We had a good turn-out considering the short notice, but it was less than some other Blitzes and those that were there will attest to the fact that the whole back-yard basically consists of one horrible hill! Because of all this, the design team did the best thing possible and decided to focus on 2 or 3 key areas, to make the back-yard useable and to give me a good head-start to build on in future.

So that’s exactly what we did – built steps and a pathway to the top where we made a flat surf viewing area, made 2 no-dig garden beds, and planted native plants, banana trees, and comfrey, amongst other things, to try and challenge the rampant weeds for supremacy! There is also a flat area at the side of the house where we put in a pond and an herb/salad garden and mulched the pathway.

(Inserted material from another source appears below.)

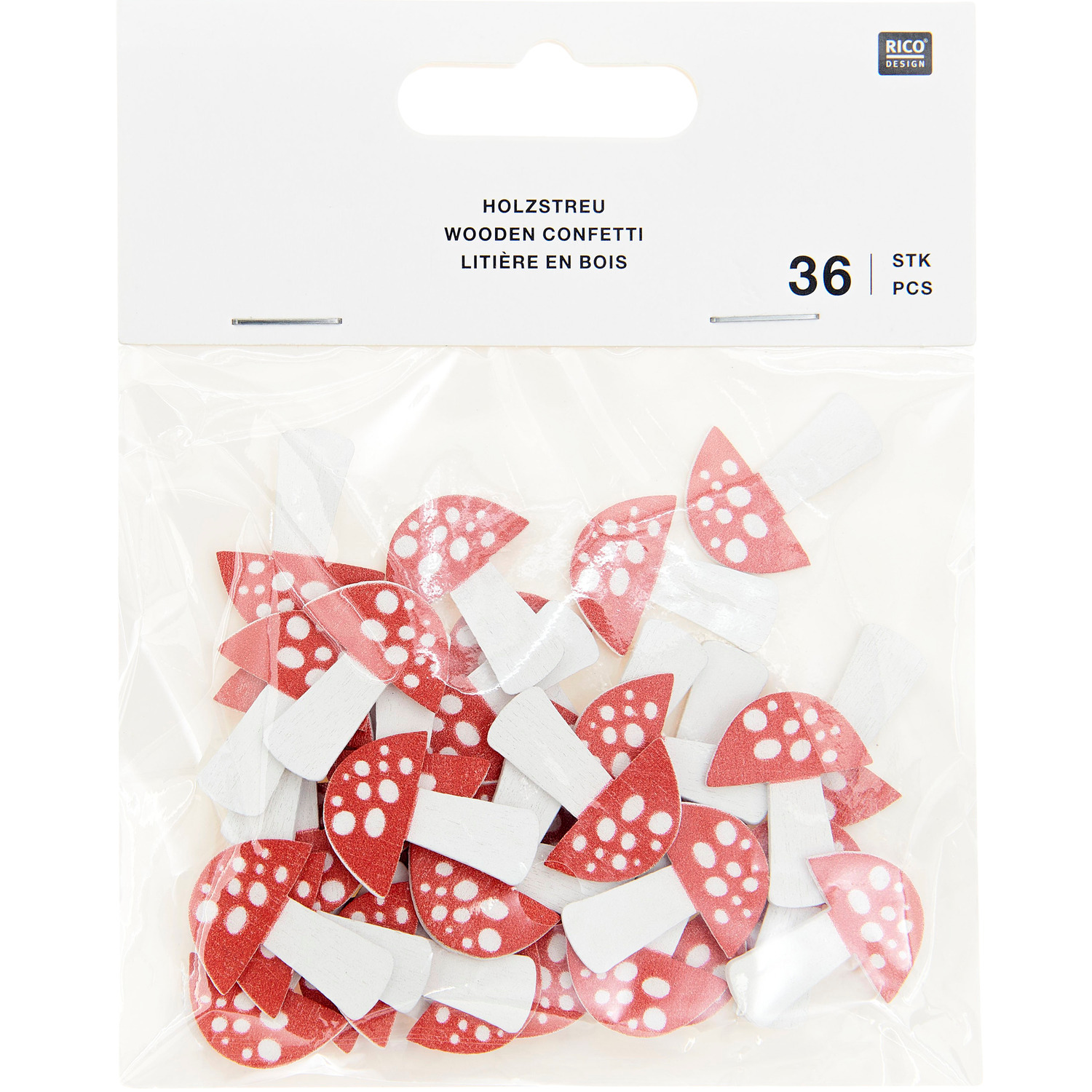 Holzstreu Fliegenpilz 36 Stück, 20x25mm Farbe Weiß-rot von Rico Design Holzstreu Fliegenpilz von Rico Design, 36 Stück, 20x25mm, zeigt weiß-rote Pilzdekorationen.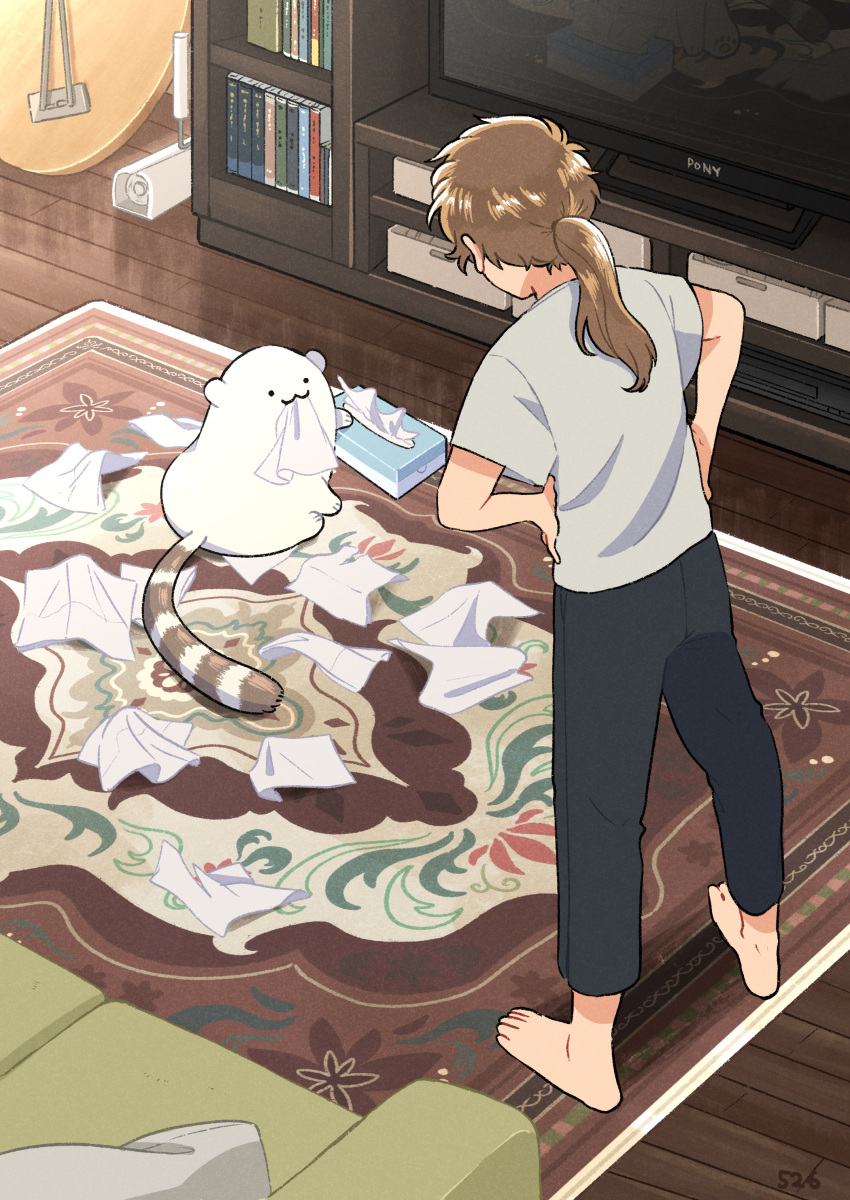1girl, absurdres, barefoot, black_pants, bookshelf, brown_hair, couch, creature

The day went well, I think, I mostly remember flitting around and answering questions, not being in any one place for long and constantly realising that I still hadn’t done that thing I was going to do half an hour ago. At the end, we had a well-deserved beer overlooking the surf and then an even more welcome swim (it was a HOT day!).

I needn’t have worried about the food, especially with the capable hands of Josh, Marilyn and Michelle looking after the kitchen. That’s one thing I’d say to future blitz hosts…you probably don’t need as much food as you think, and if it seems daunting (it did to me), then a couple of simple things will do fine. We were eating left-overs for weeks (no complaints there, mind you). It’s definitely a good idea to have dedicated kitchen people, so you don’t have to get too distracted by that side of things.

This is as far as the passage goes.